## Instructions for the task
If pictures are present, leave them out, and copy the data word for word.

## Data extract
· · · ·
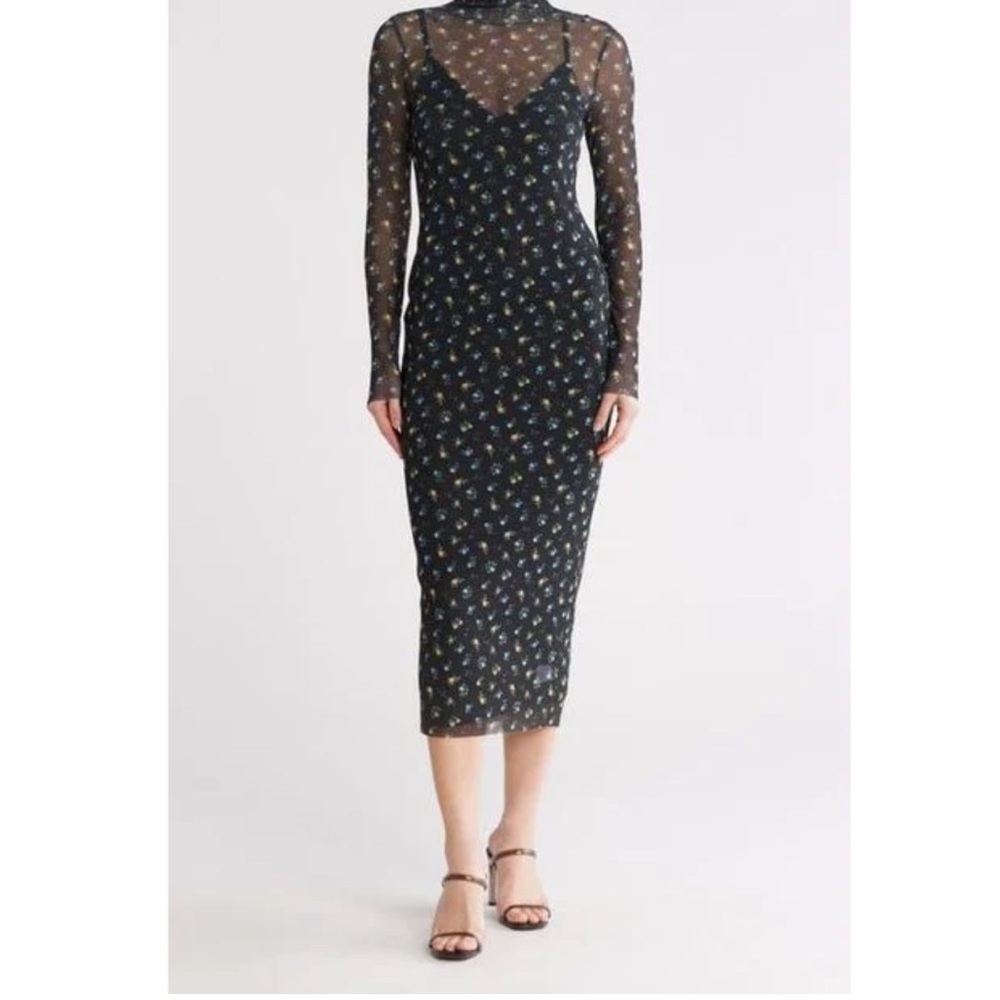 REVOLVE AFRM Black Floral ditzy Long Sleeve Dress mesh stretch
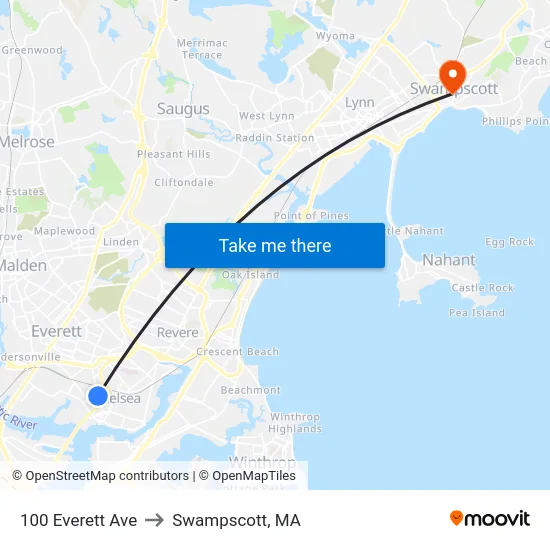 100 Everett Ave to Swampscott, MA map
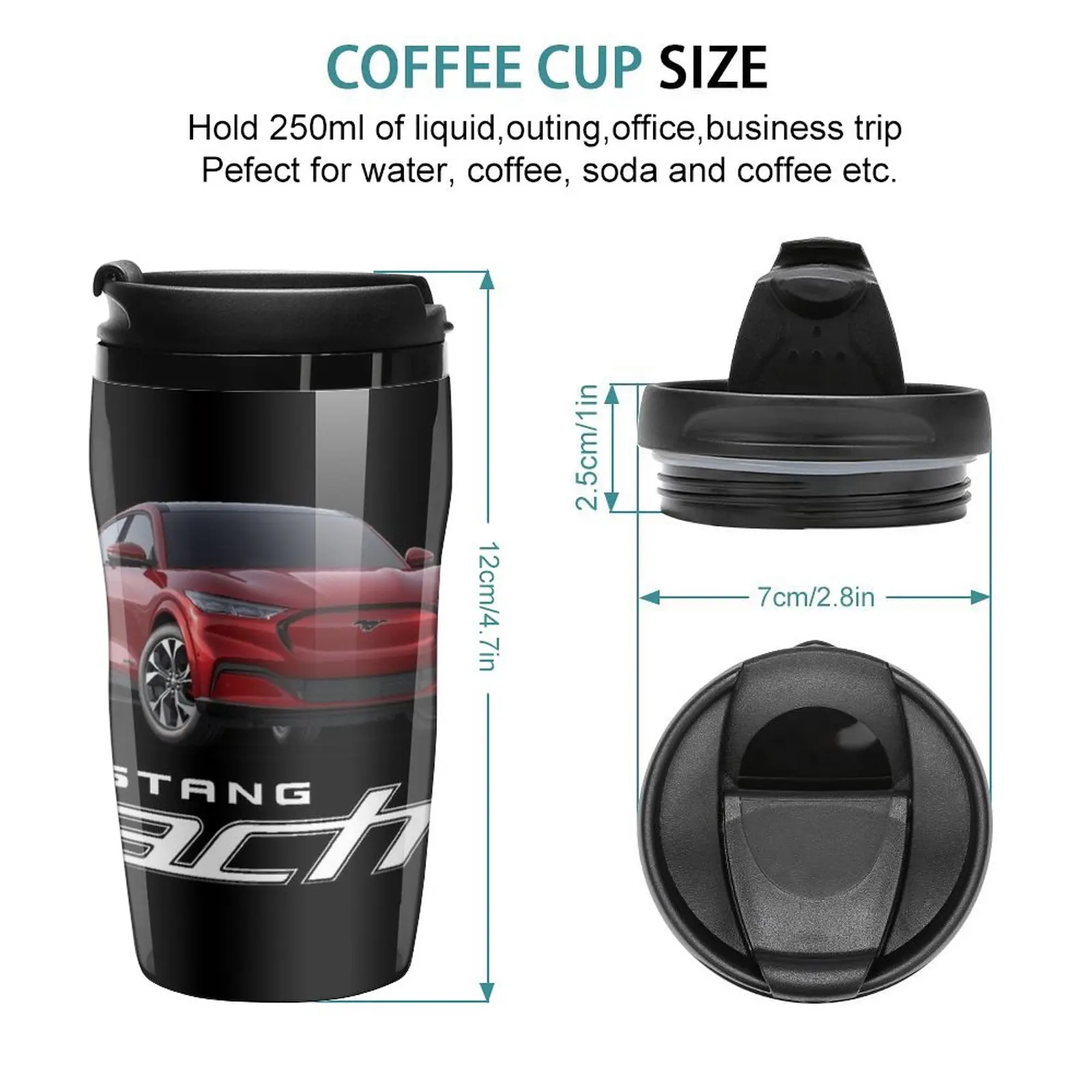 New Mustang Mach-E - Rapid Red Travel Coffee Mug Glasses For Coffee Cup Coffee Cup Coffe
· · · ·
## Response below
 REVOLVE AFRM Black Floral ditzy Long Sleeve Dress mesh stretch
 100 Everett Ave to Swampscott, MA map
 New Mustang Mach-E - Rapid Red Travel Coffee Mug Glasses For Coffee Cup Coffee Cup Coffe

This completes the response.